The main difference between jumpy and other tools, like 99, are:
| feature | jumpy | avante / sidekick | codecompanion inline | claude code / aider |
|---|---|---|---|---|
| Interaction model | Inline prompt → hunks in buffer | Sidebar chat → apply | Inline edit → accept/reject | CLI agent → full file writes |
| Review granularity | Per-hunk accept/reject | Per-file or per-suggestion | Per-change | Post-hoc (git diff) |
| Context switch | None: you stay in buffer | Sidebar opens | Minimal | Leave editor or split terminal |
| LLM output format | Search/replace blocks | Full file / patch | Full file | Full file via temp |
| Token efficiency | High (only changed lines sent back) | Lower (full context) | Lower | Lower |
| Scope | Single targeted edit | Multi-file refactors, chat | Single edit or chat | Whole-project agentic tasks |
Some of these are to be fleshed out, but the sole purpose is to know exactly what I am letting the LLM write into my code.
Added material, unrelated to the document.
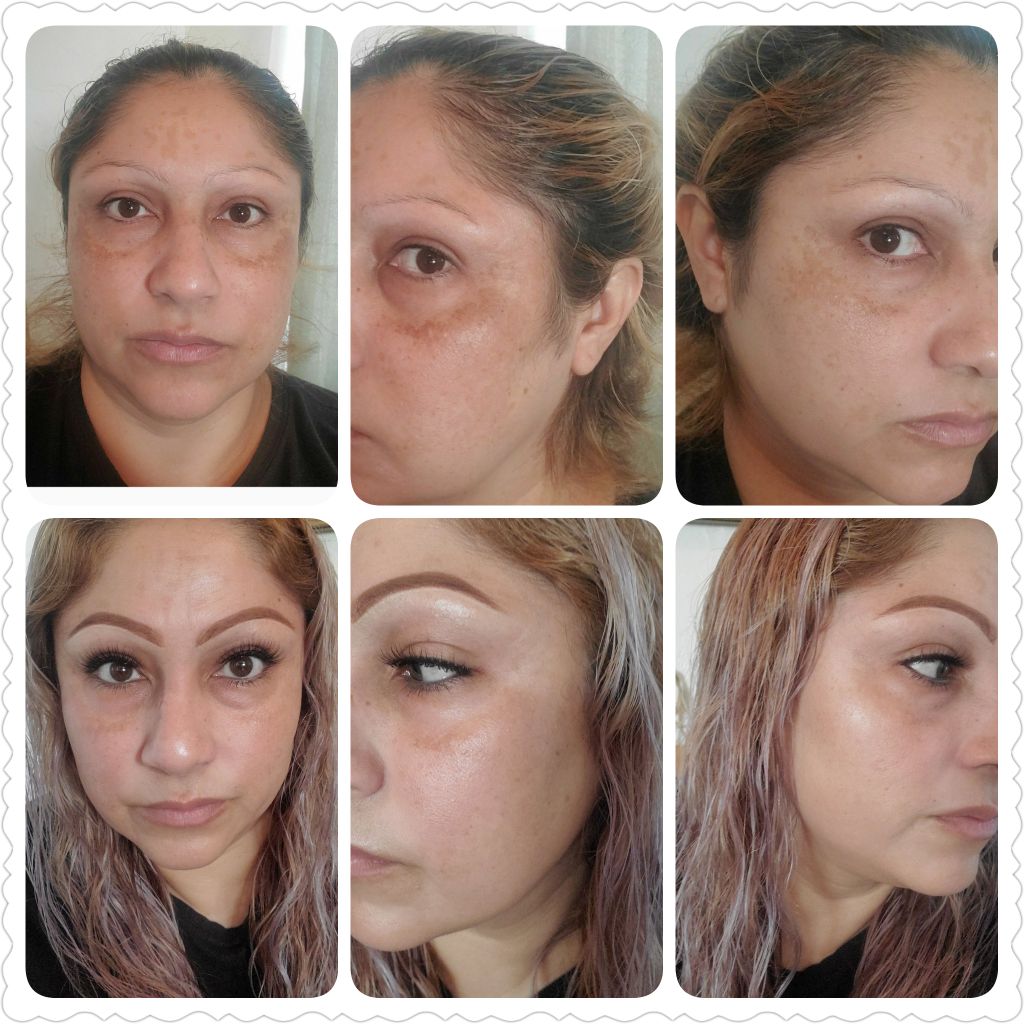 Does Musely Really Work Musely Reviews Very Pleased With Results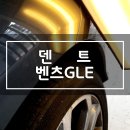 허덴트 이미지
I have no interest in letting it change everything, and only then can I go back and review every change.
So the philosophy here is: yes, I still want to handwrite my code AND use AI, but I prefer that I have full control over what the AI is writing. I don't want to have to wait until it finishes in order to review its changes.
That being said, I don't know wtf I'm doing, and right now, this really doesn't work very well.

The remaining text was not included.